Es curioso cómo en ocasiones la vida le cierra a uno la boca y le pone en su sitio. Cómo a veces los hechos se suceden para demostrar lo equivocados que estamos en algo. Es lo que nos ha ocurrido a todos los que, hace apenas unos días, vociferábamos indignados sobre lo injusta que era la designación de Rusia como sede del Mundial de Fútbol 2018.
De las candidaturas posibles, la de España (con el apoyo de Portugal) era la que mejor infraestructura tenía. Al menos eso defendían muchos. Además, nuestro deporte está pasando por su “edad de oro” y se merecía este premio, aseguraban otros. A los periodistas, comentaristas y analistas se nos llenaba la boca asegurando que había una mano negra detrás de todo, una acción de esas de novela de misterio cuya trama era quitarle a España el ansiado evento, como fechas atrás había ocurrido con la Olimpiada. La injusticia se cebaba de nuevo con España, que debía haber sido clara vencedora en ambos acontecimientos.
Horas más tarde, el país sufría el salvaje ataque de sus controladores y nuestra imagen internacional quedaba relegada a la de un territorio tercermundista por cuyo espacio aéreo no transitaba una sola aeronave. Días después, el deporte de la nación se veía envuelto en una de las mayores operaciones contra el dopaje de los últimos años, con nuestras estrellas del atletismo entre rejas y con acusaciones tan graves como tráfico de sustancias prohibidas, entre otros cargos.
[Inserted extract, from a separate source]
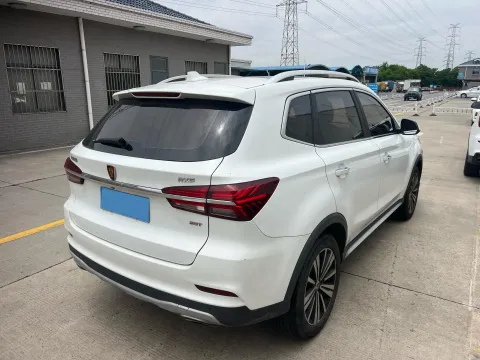 2019 Roewe i6 1.5T 169HP L4 7DCT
Las excusas de que “los ingleses nos tienen tirria y los franceses envidia” ya no sirven como justificación. Vendemos mucho humo, esa es la verdad. Y es hora de que nos demos cuenta y obremos en consecuencia. En muy pocos años, los españoles hemos pasado de ser un país de “Bienvenido Mr. Marshall” a creernos el ombligo del mundo. España tiene el mejor clima, la mejor comida, los mejores trenes, la mejor Seguridad Social, la mejor Liga de fútbol, los mejores pilotos, tenistas, constructores, banqueros… Tenemos un país que para muchos debería ser líder mundial. Pero la realidad es que ni siquiera nos invitan a las reuniones de los más altos mandatarios del planeta. Será cosa de envidia. Seguro que eso, también.
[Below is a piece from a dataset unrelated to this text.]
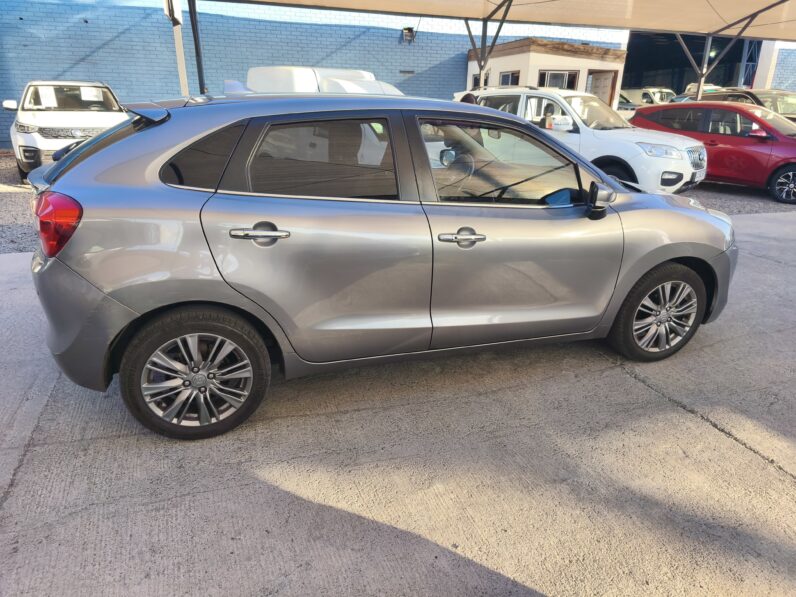 SUZUKI BALENO GLX 2018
Es el momento de aprender de nuestros errores. De basar nuestro crecimiento en la humildad y el trabajo, en lugar de hacerlo en la fanfarronería inútil. España debe volver a sentir lo que es crecer a base de esfuerzo. Concebir la necesidad de trabajar para avanzar, como se sentía en los años 40 y 50. Algo que con el paso del tiempo se ha olvidado. Y que, sin duda, es hora de rescatar.